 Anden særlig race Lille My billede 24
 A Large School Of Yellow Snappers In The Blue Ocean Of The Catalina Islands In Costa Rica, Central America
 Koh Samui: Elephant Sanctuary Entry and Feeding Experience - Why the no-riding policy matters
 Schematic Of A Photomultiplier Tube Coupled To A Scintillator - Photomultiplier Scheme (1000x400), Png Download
---
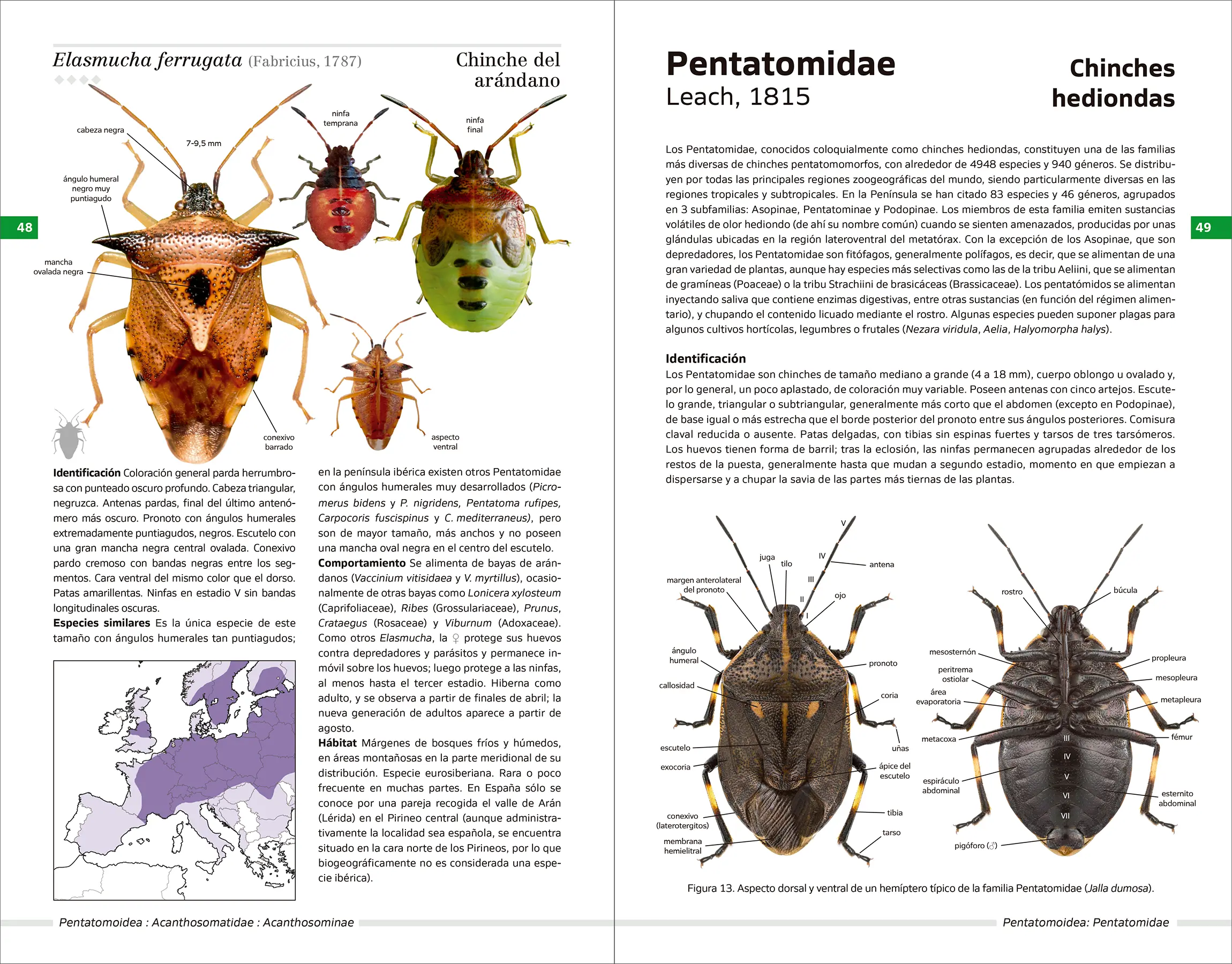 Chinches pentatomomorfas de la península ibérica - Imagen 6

▶ _Work to be completed_:
Starting at the line above that holds "Anden særlig race Lille My billede 24" and ending at the line that holds "Schematic Of A", transcribe each line exactly and include no other lines.

▶ _Answer below_:
 Anden særlig race Lille My billede 24
 A Large School Of Yellow Snappers In The Blue Ocean Of The Catalina Islands In Costa Rica, Central America
 Koh Samui: Elephant Sanctuary Entry and Feeding Experience - Why the no-riding policy matters
 Schematic Of A Photomultiplier Tube Coupled To A Scintillator - Photomultiplier Scheme (1000x400), Png Download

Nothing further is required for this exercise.